Common Name: Meadow Knapweed
Latin Name: Centaurea x moncktonii, C. jacea x nigra, C. pratensis Thuill, and C. debauxii subsp. Thuilleri
Reviewer: Monika Chandler
Affiliation/Organization: Minnesota Department of Agriculture
File #: MDARA00018MEDKNW_1_18_2013
Meadow knapweed is native to Europe and is likely a fertile hybrid between black (C. nigra L.) and brown (C. jacea L.) knapweeds (Wilson and Randall 2003). Both black and brown knapweeds are tetraploids and can hybridize freely. Hybrid offspring are also tetraploid and can backcross with either parent so population structure can be highly variable (Talbot Roché et al. 2003).
Meadow knapweed is an herbaceous perennial that occurs in cool, moist, and sunny habitats.
Meadow knapweed may have been introduced to western North America for forage, but it is not palatable and has low nutritional value. Meadow knapweed escaped cultivation and is proliferating rapidly in the Pacific Northwest. Meadow knapweed was documented recently in N. Carolina in 2011 in Allegany and Ashe Counties (Poindexter et al. 2011). It was also documented in Virginia in 2011 (Weiboldt et al. 2011).

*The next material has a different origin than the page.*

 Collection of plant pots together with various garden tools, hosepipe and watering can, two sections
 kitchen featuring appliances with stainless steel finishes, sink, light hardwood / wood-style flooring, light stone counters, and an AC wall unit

Few meadow knapweed populations have been detected in Minnesota, but infestation pockets range over large areas.
Review Entity | Outcome
NWAC Listing Subcommittee: Suggest regulation as a prohibited noxious weed. Have to decide whether to place on eradicate or control list; or whether to combine all knapweeds.
Subcommittee debated 2 options: 1. List as a prohibited eradicate with brown knapweed due to small distributions in state. 2. Combine meadow and brown knapweeds with spotted knapweed as a prohibited-control knapweed complex - this would be done because it is hard to distinguish between the knapweed species and they can hybridize.
NWAC Full-group: List as a Prohibited – Eradicate Noxious Weed.
MDA Commissioner: Approved as a Prohibited – Eradicate Noxious Weed – 1/14/2013.
Poindexter, D.B., A.S. Weakley, and M.W. Denslow. 2011. New exotic additions and other noteworthy records for the flora of North Carolina. Phytoneuron 42: 1–14.
Roché, C.T. and B.F. Roché, Jr. 1991. Meadow knapweed invasion in the Pacific Northwest, U.S.A., and British Columbia, Canada. Northwest Science. 65(1): 53-61.
Roché, C.T. and A. Susanna. 2010. New habitats, new menaces: Centaurea x kleinii (C. moncktonii x C. solstitialis), a new hybrid species between two alien weeds. Collectanea Botanica 29: 17-23.
Talbot Roché, C. and D.E. Johnson. 2003. Meadow Knapweed. Pacific Northwest Extension Bulletin 0566. Oregon State University, Corvallis. (Accessed 09/11/12).
Wieboldt, T.F., G.P. Fleming, C.E. Stevens, J.F. Townsend, D.M.E. Ware, and R.A.S. Wright. 2011. Digital Atlas of the Virginia Flora. Virginia Botanical Associates, Massey Herbarium, Department of Biological Sciences, Virginia Tech, Blacksburg. 14 Jan 2011.
Wilson, L.M., and C.B. Randall. 2003. Biology and Biological Control of Knapweed. USDA-Forest Service FHTET-2001-07. 2nd Edition.